Ach ja, ein schwerkrimineller Deutscher zählt auch noch dazu, weshalb diese Zusammensetzung wahrscheinlich sogar statistische Aussagekraft besitzen dürfte. Auf sechs Straftäter aus Einwanderer-Milieu kommt etwa ein Deutscher, ein Berliner Oberstaatsanwalt sprach letzter Woche gar von einem Verhältnis von fünf zu eins.

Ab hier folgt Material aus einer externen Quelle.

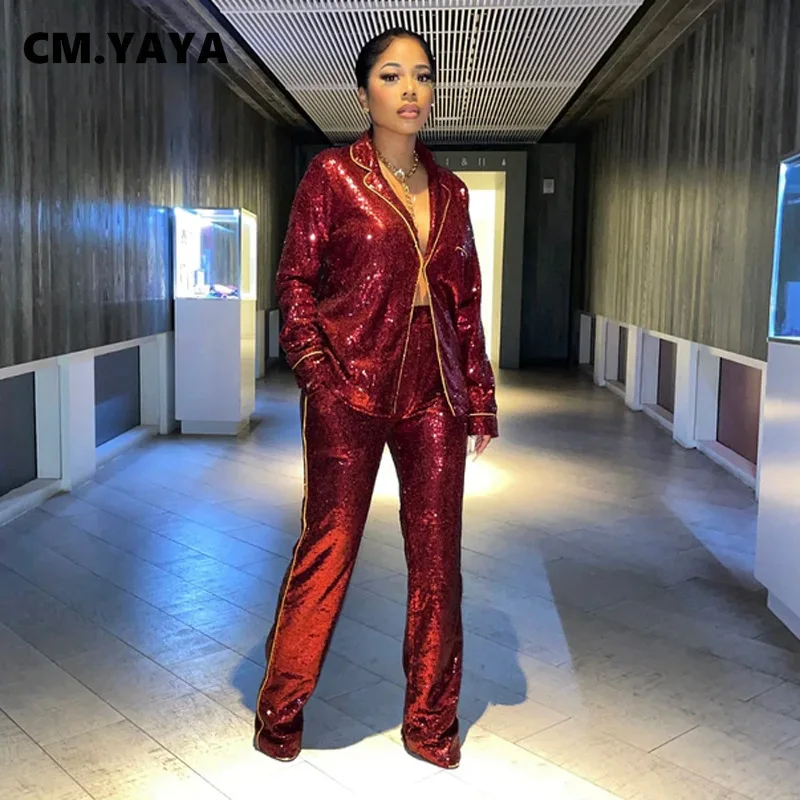 CM.YAYA Elegant Sequins Women's Set Blazer Shirt and Wide Leg Pants 2022 Sexy Party Evening Night Two 2 Piece Outfits |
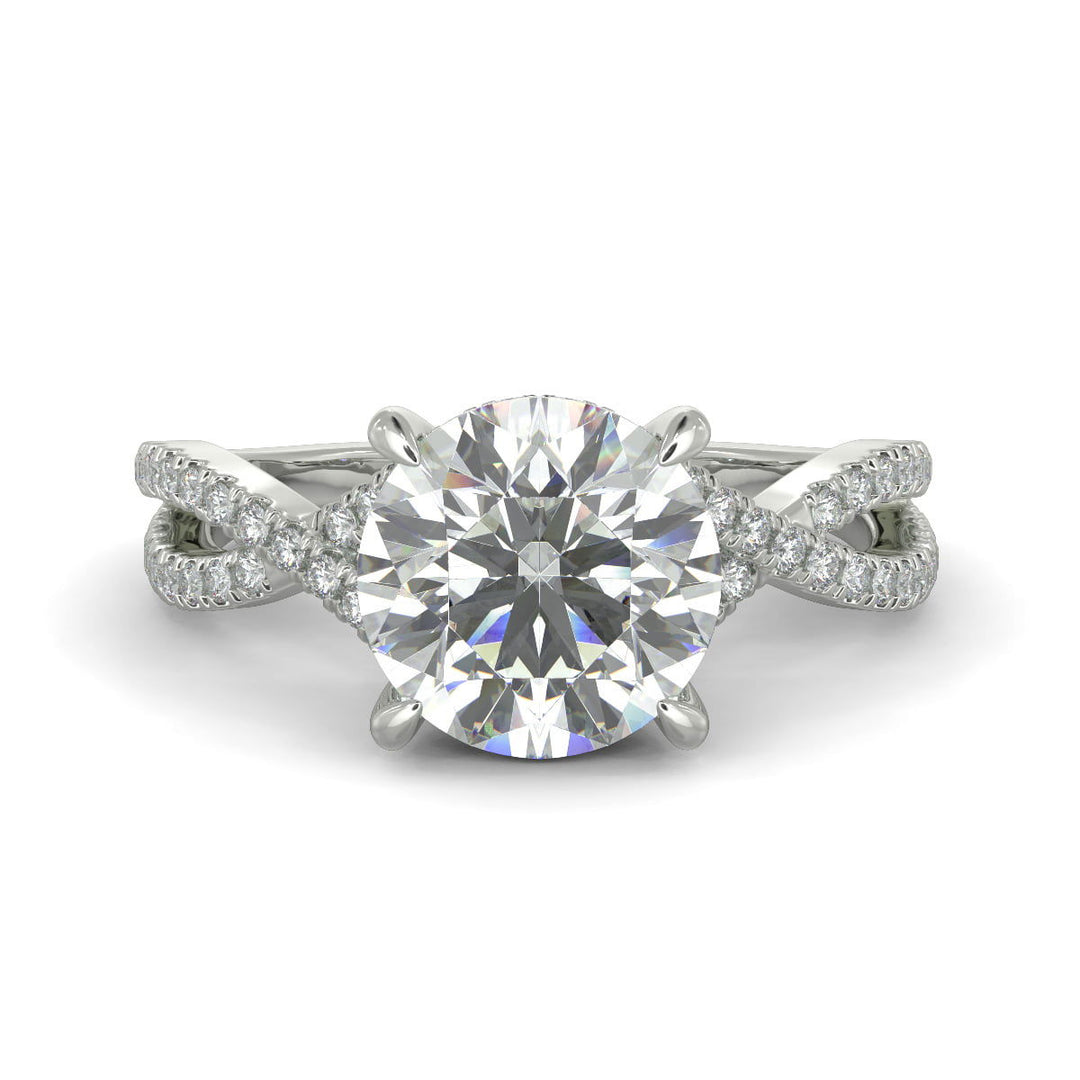 Rosalee Round Cut Pave Split Shank Twist Claw Set Engagement Ring Setting - Nivetta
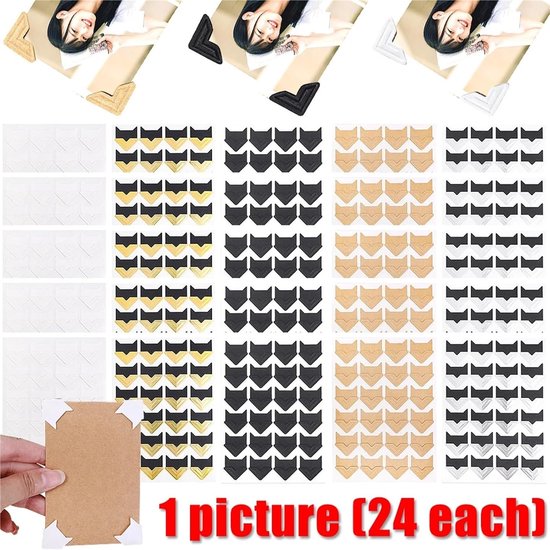 Fotohoek Stickers - Album Decoratie - Handwerk Projecten - Zelfklevend Papier - 50 Stuks - Goud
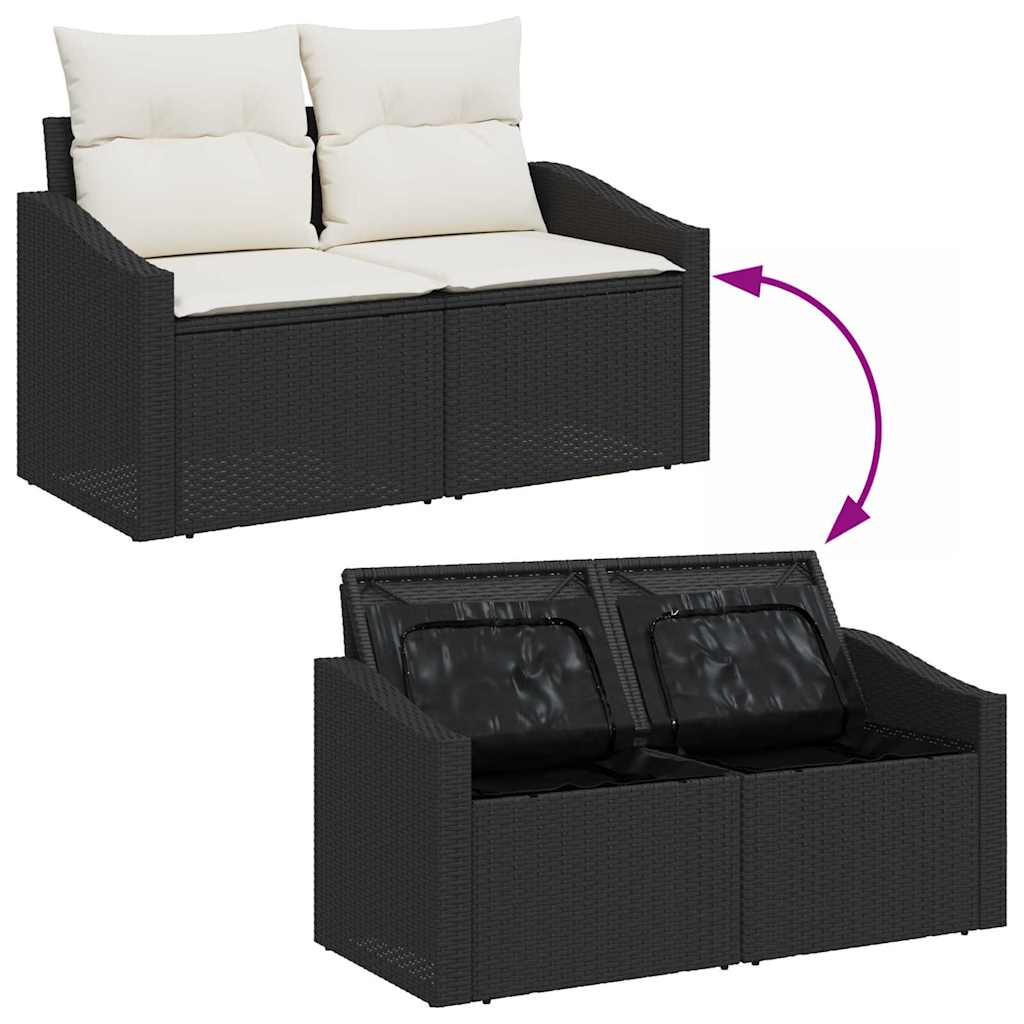 Set Divano da Giardino 8 pz 7-Numero di posti Nero Poly Rattan | homemem39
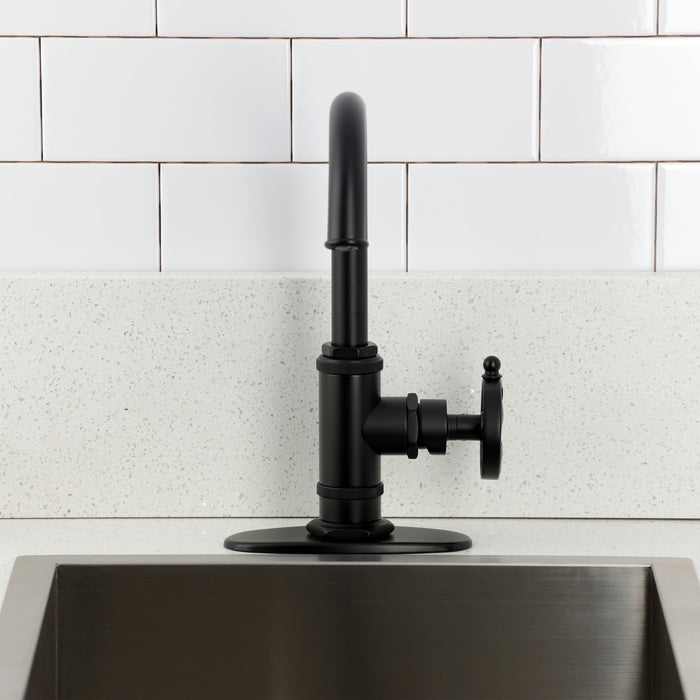 Kingston Sona KSD8500RX - Belknap One-Handle 1-Hole Deck Mount Bar Faucet, Matte Black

Der 17-jährige David L., wie erwähnt Deutscher, seine Vorzüge lauten, 6-mal Straßenraub, 4-mal gefährliche Körperverletzung, 6-mal Sachbeschädigung, 3-mal Diebstahl und 2-mal Erschleichen von Sozialleistungen.
Ich habe bewusst diese düstere Szenerie sehr ausführlich dargestellt, denn nur so stellt sich auch wirklich jedem meiner Leser die alles entscheidende Frage, wieso befinden sich Straftäter mit derart schweren Verbrechen überhaupt noch auf freiem Fuss, und können damit ihr kriminelles Tun weiterhin ungeniert ausüben. Am besten Sie richten diese Frage den oben zitieren Damen und Herren der deutschen Politik.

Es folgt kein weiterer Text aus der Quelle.